We’ve seen volatility come back into equity markets over the last few weeks. Ironically, this has come amid a slew of stronger-than-expected economic data, including payrolls and consumption. Consumer confidence is also rising.

The problem is that inflation numbers have stopped decelerating as fast as they were a few months ago. We wrote about this when the January CPI data was released – inflation’s much lower than last year, but it is still elevated. Part of the reason is that a strong economy puts upward pressure on prices, including prices for eating out, going to movies/concerts, recreational activities, buying clothes and household goods, etc.

The latest PCE inflation data (personal consumption expenditures-based price index), the Fed’s preferred inflation metric, confirms that story. Core inflation, i.e., inflation excluding food and energy, is now running at a 4.7% annualized pace over the past three months.

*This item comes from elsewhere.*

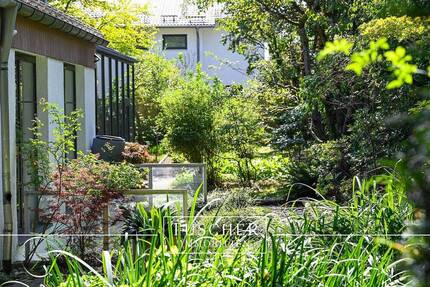 Viel Platz für Familie & Arbeit - Besonderes Anwesen mit traumhafter Gartenidylle! - Hohenbrunn Riemerling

That’s down from a peak of 6.7% we saw 18 months ago, but still high. And recently, Fed Chair Powell has also talked about keeping an eye on core services ex-housing inflation. That’s running at an annualized pace of 5.2% over the past three months and has more or less plateaued.

Now, core services ex-housing tend to be correlated to wage growth. And there is fairly strong evidence that wage growth is decelerating, which should ultimately push core inflation lower.

However, until that shows up in the official data, expect the Federal Reserve (Fed) to keep pushing rates higher and keep them there.


More uncertainty around the Fed

Three weeks is not a very long time, but that’s all it took for investors to move up their interest rate expectations. At the end of January, the expectation was that the Fed would get to a peak rate (for the federal funds rate) of about 4.9% by the end of the year. Instead, they were followed by a series of cuts over the following year.

That’s shifted quite significantly, with markets expecting the “terminal rate” to move as high as 5.36% by the end of this year. That translates to an additional 0.50% of rate hikes this year. The Fed expects to raise rates by 0.25% over the next three meetings, i.e., March, May, and June. Previously, the expectation was that they would be done in March.

There’s even a 33% probability that the Fed will raise rates by 0.50% at their March meeting. We think this is unlikely, but it reflects uncertainty about what the Fed will do, which has added to market volatility.

Also, as you can see in the chart above, higher rates are expected for longer. Investors now expect the federal funds rate to be above 5% even in June 2024. Three weeks ago, they expected rates to fall to around 4.5% by then.

All in all, we’ve gone from a period where there appeared to be consensus on what the terminal rate would be to renewed uncertainty. And that’s happened on the back of firmer core inflation readings and stronger-than-expected economic data (we’re getting fewer recession calls now). In fact, the proportion of firms mentioning “recession” in quarterly earnings calls has fallen significantly.

We think strong economic data is good news that could ultimately be reflected in stocks. But, going by what we see in the wage growth data, we also believe inflation will continue decelerating – it just may not happen as quickly as anyone would like. For any number of reasons, including the way things are measured in official data.

Note that the second half of February has historically been troublesome for stocks, as my colleague Ryan Detrick illustrates in the chart below. However, as he points out, we do have two of the strongest months of the cycle coming up in a week.